[Opening RECORDS TO PROCESS section]
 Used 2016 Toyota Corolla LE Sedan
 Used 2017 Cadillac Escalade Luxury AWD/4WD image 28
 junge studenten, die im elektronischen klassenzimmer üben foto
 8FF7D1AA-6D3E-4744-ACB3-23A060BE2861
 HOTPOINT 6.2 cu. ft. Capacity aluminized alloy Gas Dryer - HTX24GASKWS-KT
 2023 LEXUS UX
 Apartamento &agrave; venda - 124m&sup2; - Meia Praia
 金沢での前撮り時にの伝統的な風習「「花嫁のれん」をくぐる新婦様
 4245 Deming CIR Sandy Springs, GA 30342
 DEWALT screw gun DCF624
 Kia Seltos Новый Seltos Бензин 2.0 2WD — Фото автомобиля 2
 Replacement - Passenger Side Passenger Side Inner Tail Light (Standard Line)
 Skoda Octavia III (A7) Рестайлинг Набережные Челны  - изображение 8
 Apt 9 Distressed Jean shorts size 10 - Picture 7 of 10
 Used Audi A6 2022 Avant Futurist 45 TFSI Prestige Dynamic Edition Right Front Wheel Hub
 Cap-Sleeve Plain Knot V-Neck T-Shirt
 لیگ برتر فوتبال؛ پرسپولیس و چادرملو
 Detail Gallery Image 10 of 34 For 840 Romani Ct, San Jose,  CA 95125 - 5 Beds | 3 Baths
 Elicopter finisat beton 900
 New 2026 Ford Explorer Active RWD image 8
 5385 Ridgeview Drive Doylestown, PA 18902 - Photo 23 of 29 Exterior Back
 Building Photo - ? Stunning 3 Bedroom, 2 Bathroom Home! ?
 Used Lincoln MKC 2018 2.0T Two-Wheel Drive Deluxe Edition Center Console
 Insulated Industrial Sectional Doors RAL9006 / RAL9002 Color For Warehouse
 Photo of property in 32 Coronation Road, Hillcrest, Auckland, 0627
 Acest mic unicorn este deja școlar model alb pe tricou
[Closing RECORDS TO PROCESS section]
Could you return exactly the stretch of the data above that starts at the line with "4245 Deming CIR Sandy Springs, GA 30342" and ends at the line with "New 2026 Ford Explorer Active RWD image 8", both lines included?

EXERCISE ANSWER:
 4245 Deming CIR Sandy Springs, GA 30342
 DEWALT screw gun DCF624
 Kia Seltos Новый Seltos Бензин 2.0 2WD — Фото автомобиля 2
 Replacement - Passenger Side Passenger Side Inner Tail Light (Standard Line)
 Skoda Octavia III (A7) Рестайлинг Набережные Челны  - изображение 8
 Apt 9 Distressed Jean shorts size 10 - Picture 7 of 10
 Used Audi A6 2022 Avant Futurist 45 TFSI Prestige Dynamic Edition Right Front Wheel Hub
 Cap-Sleeve Plain Knot V-Neck T-Shirt
 لیگ برتر فوتبال؛ پرسپولیس و چادرملو
 Detail Gallery Image 10 of 34 For 840 Romani Ct, San Jose,  CA 95125 - 5 Beds | 3 Baths
 Elicopter finisat beton 900
 New 2026 Ford Explorer Active RWD image 8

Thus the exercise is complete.